# Philosophical question:  Sendmail in base install?



## emcee (Jul 21, 2011)

Hey,

Why is Sendmail included in a FreeBSD base installation?  Average hosts handling mail routing seems to be uncommon.  Are the majority of FreeBSD installations in the wild handling mail?

I am not throwing stones, I am not saying it's a bad idea, I just want to understand.  Why sendmail and not say...  Perl or Unzip or Bash?

Apologies if this discussion has taken place many times before.


----------



## fonz (Jul 21, 2011)

emcee said:
			
		

> Hey,
> 
> Why is Sendmail included in a FreeBSD base installation?  Average hosts handling mail routing seems to be uncommon.  Are the majority of FreeBSD installations in the wild handling mail?

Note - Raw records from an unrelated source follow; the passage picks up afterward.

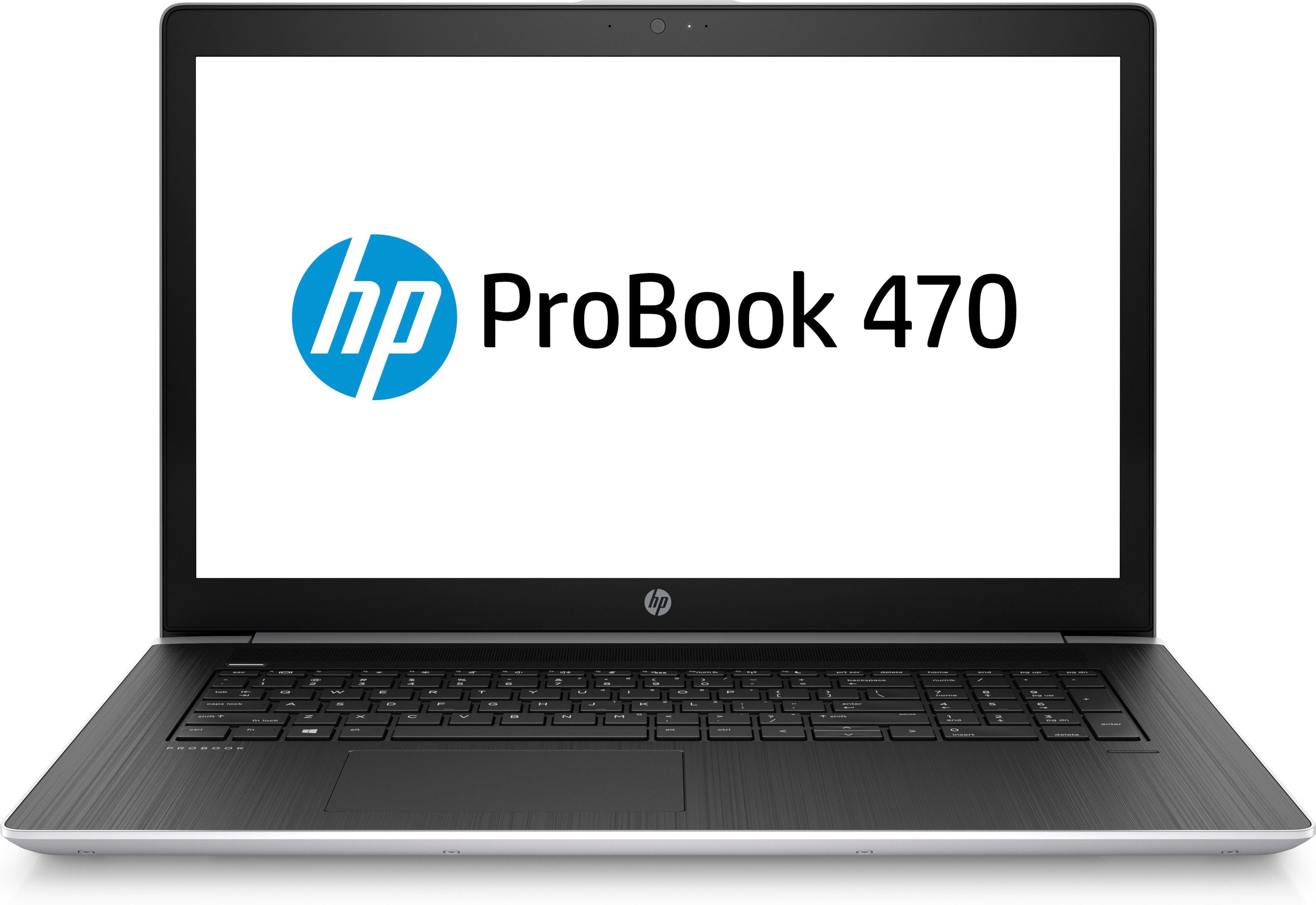 HP ProBook 470 G5 Notebook 43.9 cm (17.3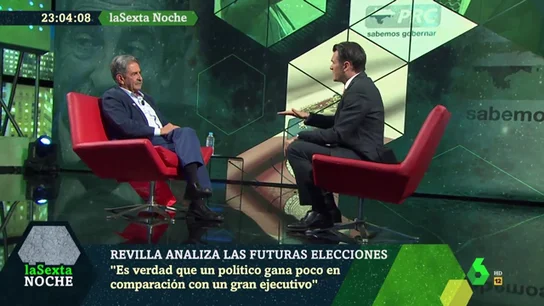 REVILLA CIUDADANOS REVILLA CIUDADANOS
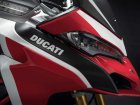 Ducati Multistrada 1260S Pikes-Peak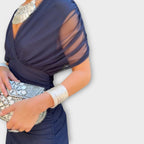 Audrey | Elegant Dress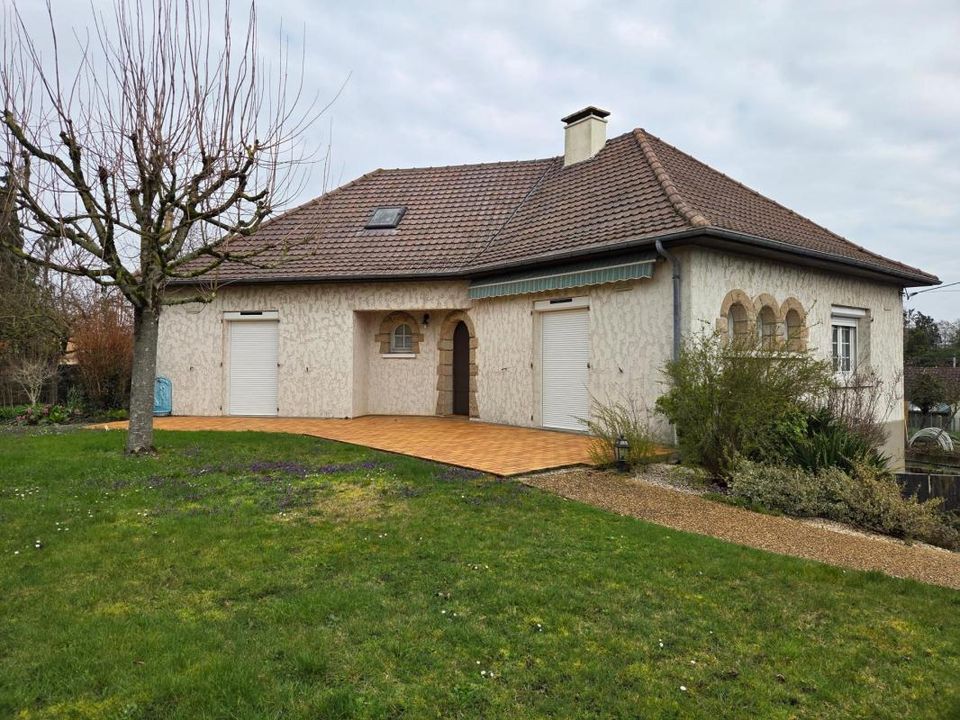Villa a Étival-lès-le-Mans, Sarthe - foto 1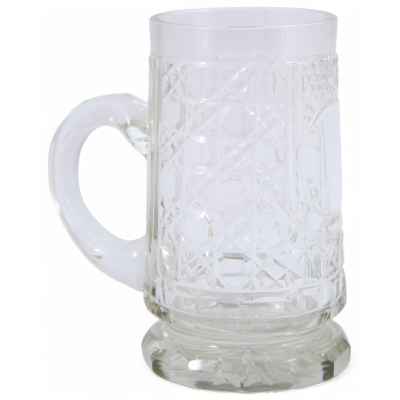 Пивная кружка. Европа, конец XIX- начало XX вв Европа конец XIX- начало XX вв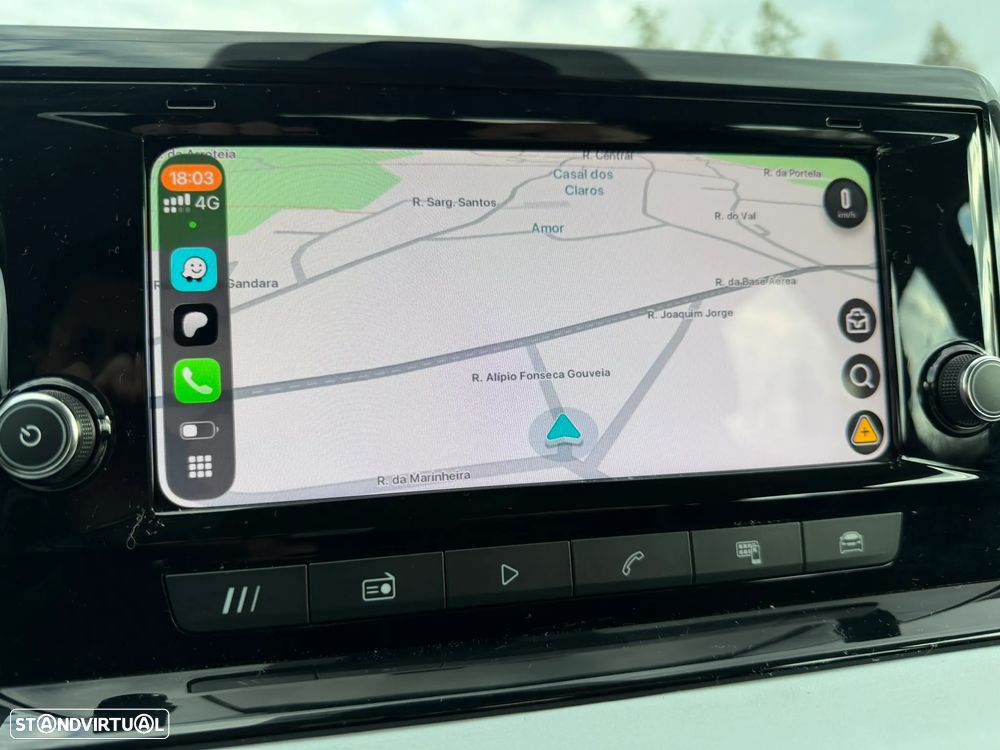 SEAT Ibiza 1.0 TSI Style DSG - 11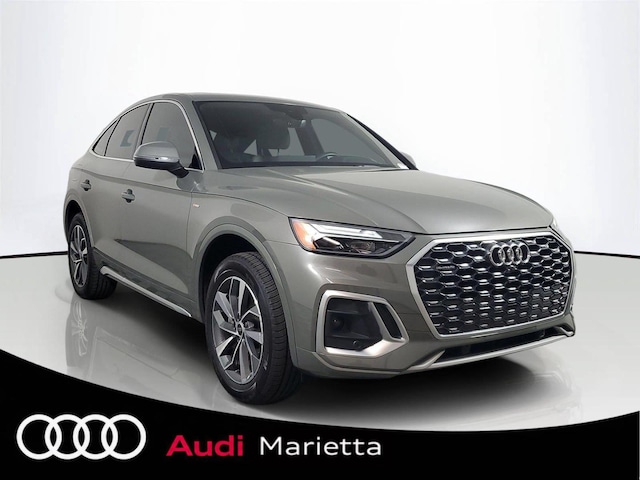 Photo of 2024 Audi Q5 Sportback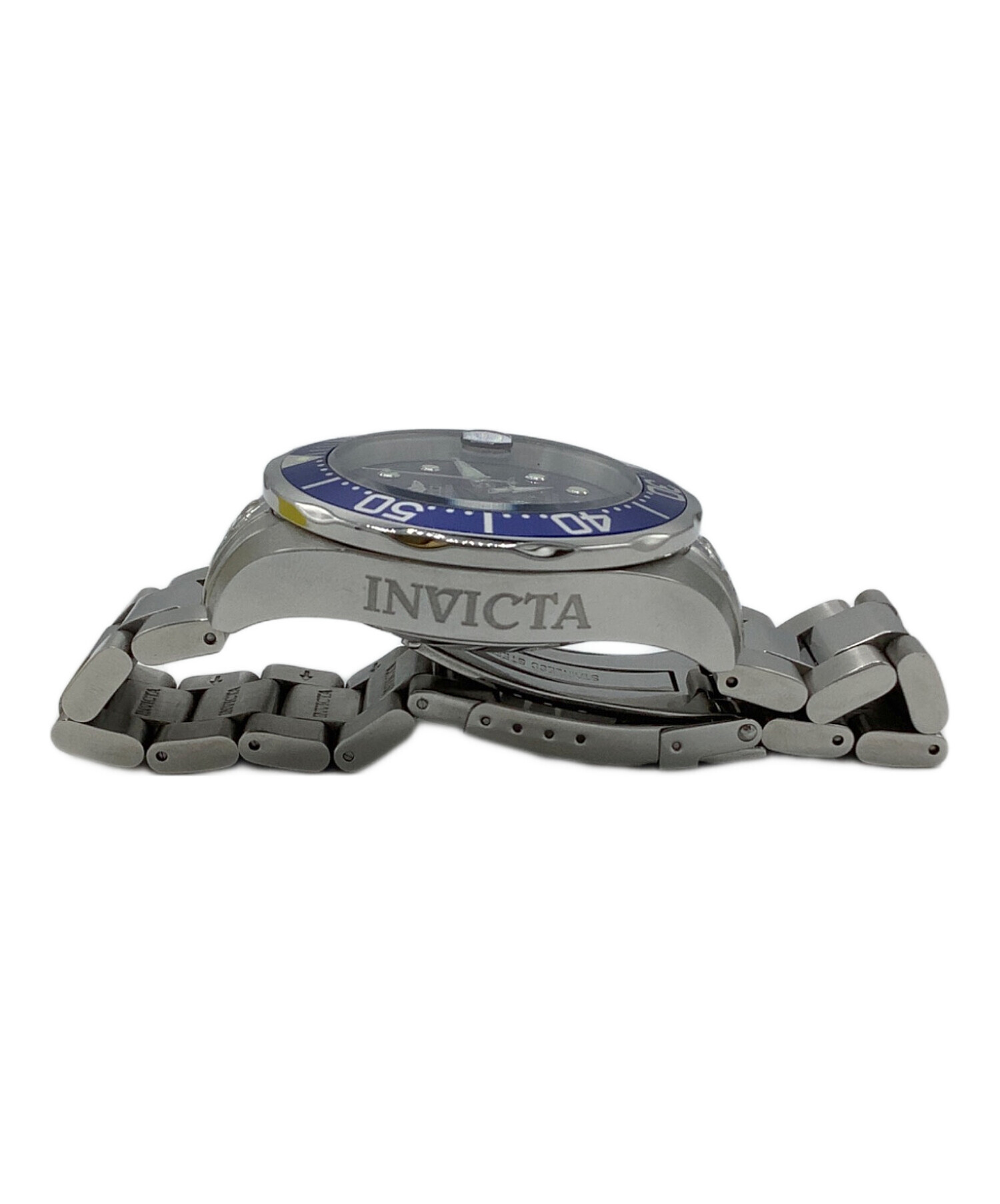 中古・古着通販】Invicta (インビクタ) 腕時計｜ブランド・古着通販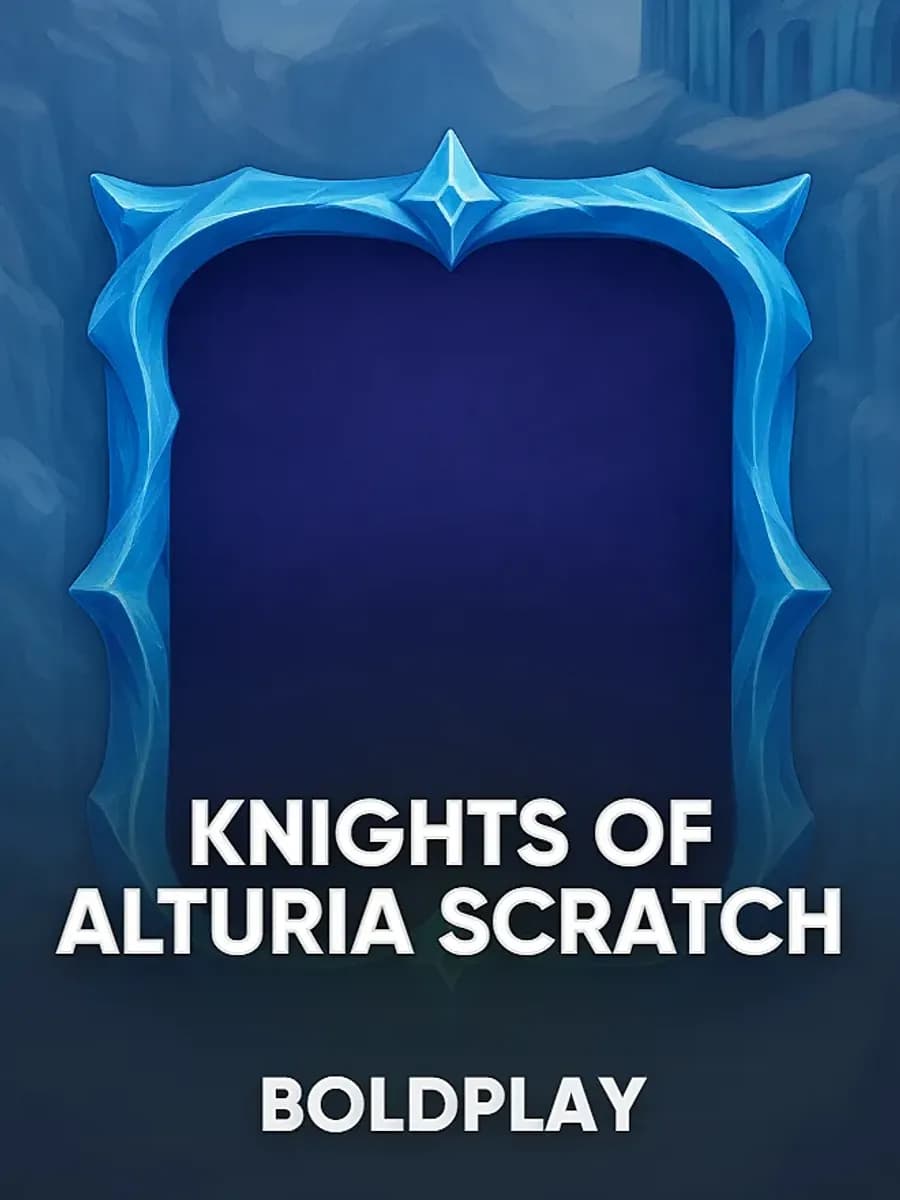 Knights of Alturia Scratch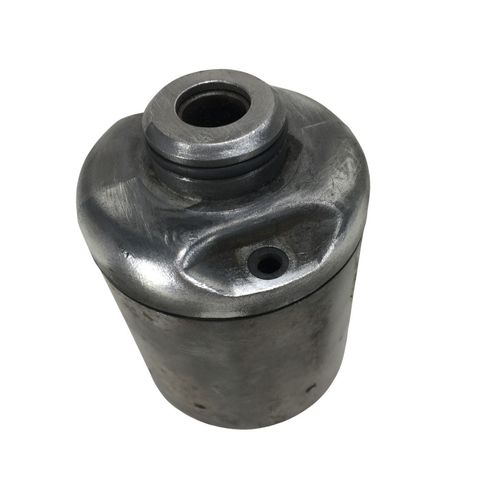 Carcaça Motor de Partida Strada 200 Original Seminovo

At least *local* mail, yes. Other base stuff "depends" on it, such as the cron(8) system.

Fonz

Edit: Note to add: local mail doesn't leave the machine, it is "sent" between users on the same machine.


----------



## phoenix (Jul 21, 2011)

"Histerical Raisons" aka Historical Reasons.  The original BSD included sendmail, and it was kept in FreeBSD through the years.

At least once a year someone pops up on the mailing lists demanding it be removed or replaced.  

If you really don't want it installed on your system, you can add *WITHOUT_SENDMAIL="yes"* to /etc/src.conf, recompile/reinstall the world, then run *make delete-old && make delete-old-libs* under /usr/src to remove it.


----------



## gordon@ (Jul 24, 2011)

Some sort of mail daemon is needed to deliver the mail that is generated by the server as part of its daily accounting. Sendmail has an extremely long history with *BSD and since we have very active maintainers for it, there hasn't been a desire or need to remove it from the base and replace it with something else.


----------